The obstacles people face in getting an ID may be the result of discrimination, illiteracy, large distances to ID registration points, cost, time, and not knowing their right to an ID.
Many countries with large populations of residents without IDs also have high measures of corruption, discrimination or improper government influence in their civil justice systems, according to data from the World Justice Project Rule of Law Index. The index ranks countries based on the quality of their justice systems, and is separate from World Bank data but shows some overlap. In many of the worst-ranked countries for civil justice, nearly 20 percent of the population over the age of 15 does not have an ID.
That includes Guatemala, Cameroon, Pakistan, and Afghanistan.
"Access to justice is being able to obtain a just resolution and enforce your rights," said Sarah Long, director of the Rule of Law Index. "Having legal ID helps people assert their rights when they run into issues accessing basic public services and benefits they're entitled to."

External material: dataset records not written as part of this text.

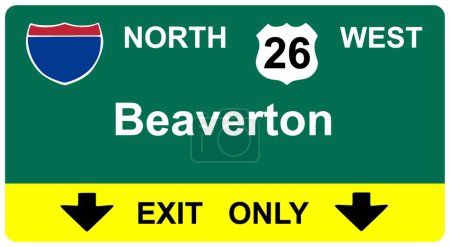 Téléchargez les illustrations : Beaverton sortie nord-ouest seulement - en licence libre de droit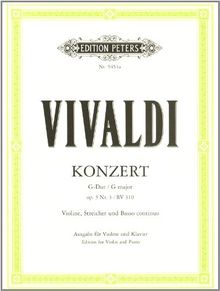 Konzert für Violine, Streicher und Basso continuo G-Dur op. 3 Nr. 3 RV 310 / PV 96: Ausgabe für Violine und Klavier
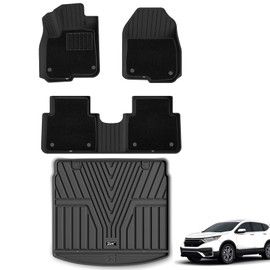 3W Floor Mats & Cargo Liner with Carpets on TOP Fit for Honda CR-V 2017-2022(Non Hybrid), Honda CRV Accessories TPE All Weather Custom Fit Floor Liners Carpets Cargo Mats in Upper Position, 8PCS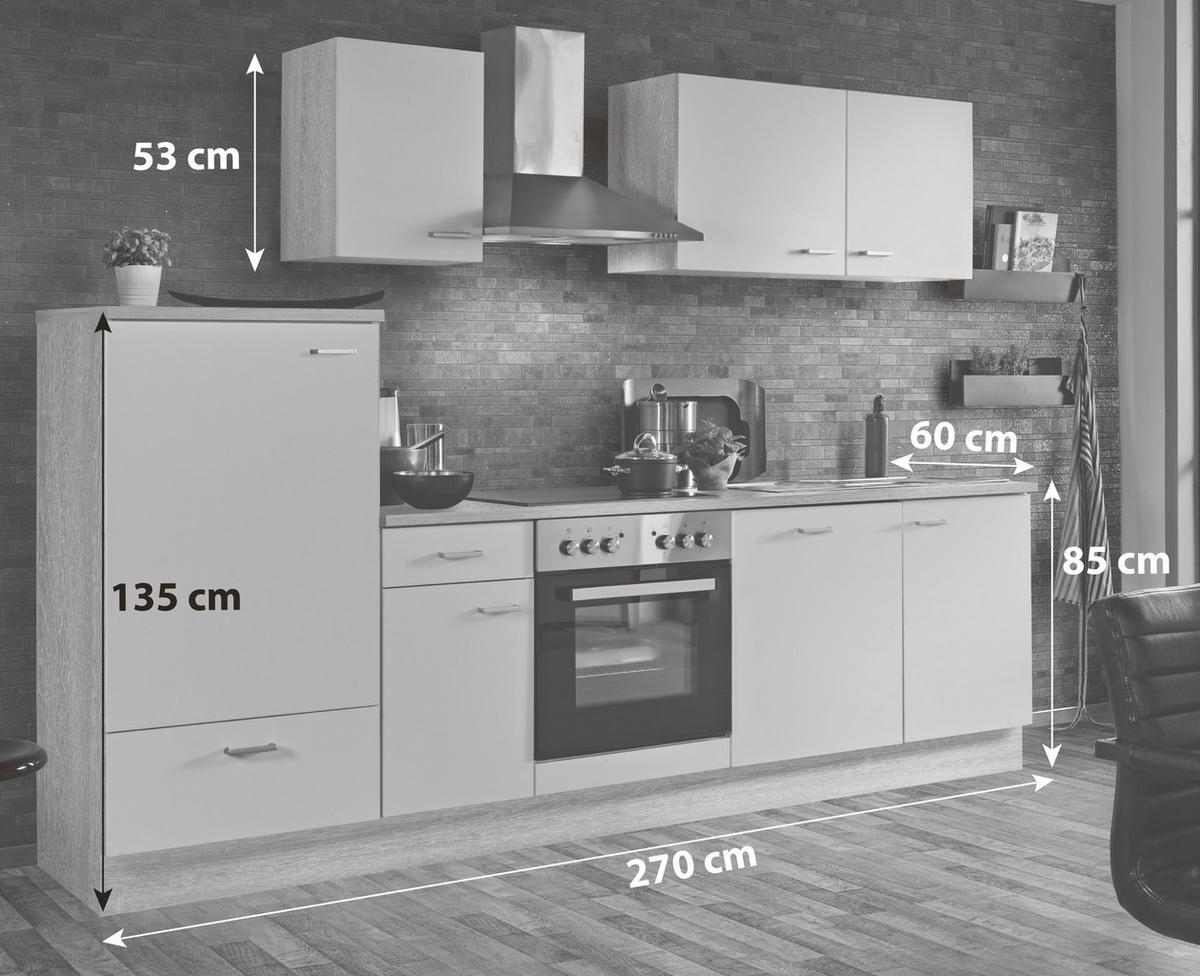 Menke Küchenblock Classic Weiß/Eiche ca. 270 cm - Silberfarben/Weiß, KONVENTIONELL, Holzwerkstoff/Kunststoff (270cm) - Menke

Once a person has one legal problem, that can snowball into more legal issues, according to Long, who calls that "problem clustering."

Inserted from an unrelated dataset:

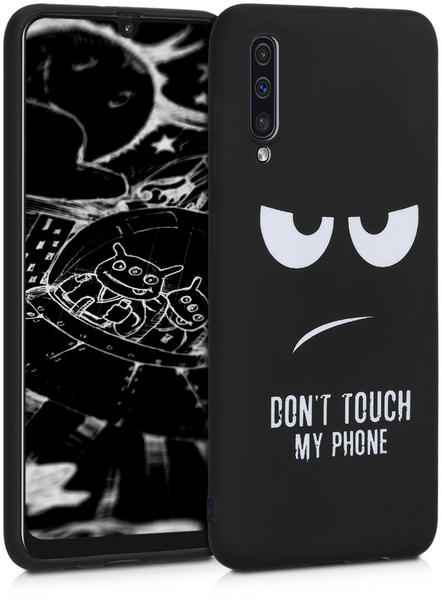 kwmobile Samsung Galaxy A50 Hülle - Handyhülle für Samsung Galaxy A50 - Handy Case in Don't touch my Phone Design Weiß Schwarz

"Problems with legal identity or citizenship can bring about other legal problems, such as trouble accessing health care, education or other public services," Long said.

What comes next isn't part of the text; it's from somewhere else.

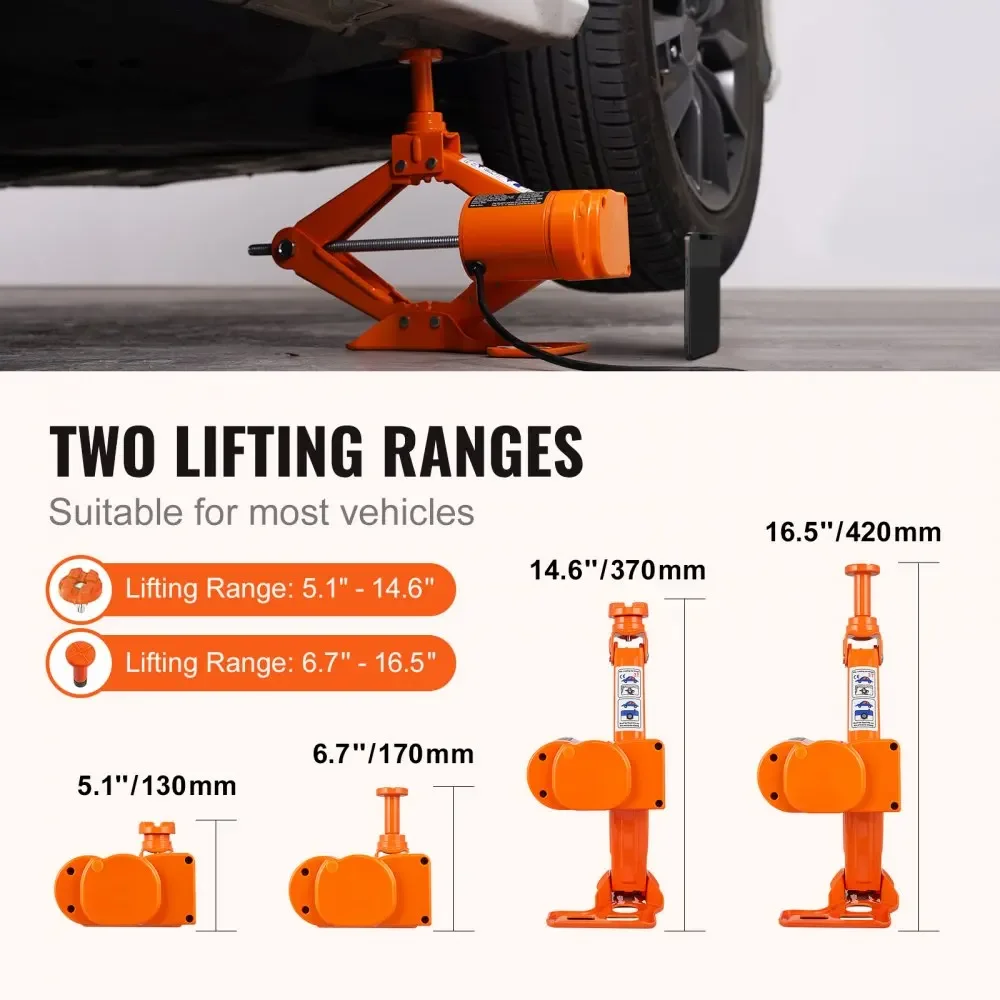 Imagem -03 - Vevor-chão Elétrico Jack para Carro Conjunto de Elevação Tesoura com Chave de Impacto Ferramenta de Reparação Automática Kit de Serviço dc 12v Toneladas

The ID problem appears to be worse among women.
According to the 2017 ID4D-Findex survey, in low-income countries more than 45 percent of women lack an ID, compared to 30 percent of men, a situation that disproportionately limits how women can participate in economic and political life in their country.
For example, in Afghanistan, half of the women surveyed did not have an ID compared with 6 percent of the men surveyed. In Chad, nearly 80 percent of women lacked an ID, compared with 45 percent of men.
A variety of social barriers can play into those gaps.
Child marriage is more common among women in countries with relatively few women with IDs, and in those countries women are less likely to participate in the labor force, according to the World Bank.
In Afghanistan, Benin, and Pakistan — all countries with ID gender gaps of more than 15 percentage points — a married woman can't even apply for a national ID in the same way as a married man, according to the World Bank in its Women, Business and Law report.
There is also a connection between a country's income and IDs.
According to ID4D data, 63 percent of people without IDs live in lower-middle income economies, and 28 percent live in low-income economies.
Those numbers reinforce the fact "that lack of identification is a critical concern for the global poor," Desai wrote on a World Bank blog.
Momentum could be building to tackle the ID problem, though the path forward remains hazy.
The United Nations has made the issue one of its "sustainable development goals" and set a target that by 2030 there will be legal identity for all, including birth registration. However, it hasn't specified how it plans to reach that target.
But some progress is being made. A U.N. report from 2018 shows that more children in sub-Saharan Africa under age 5 now have birth registration than in 2016. Some countries, such as Malawi, have made huge strides. Between 2017, when the World Bank collected data, and 2018, Malawi's population went from 87 percent of people without ID to about 90 percent with an ID.
Multiplying such gains will take a holistic approach, according to experts.
Goodwin, who works with populations in Bangladesh and Kenya who face exclusion and discrimination, points out that even when more people in a country gain IDs, it's important to address the underlying barriers.
She said it's important to ask, "Who is getting left out?"
--Editing by Brian Baresch.
Data from the ID4D Findex Survey was collected as part of the 2017 Gallup World Poll and includes data from 99 economies. Survey respondents were over age 15 and asked whether they personally had a specific national ID. Birth certificates, voter IDs, etc. were not included. The percentages of a population without an ID are estimates, as there is no standard, agreed-upon approach to measure the number of people without legal identity.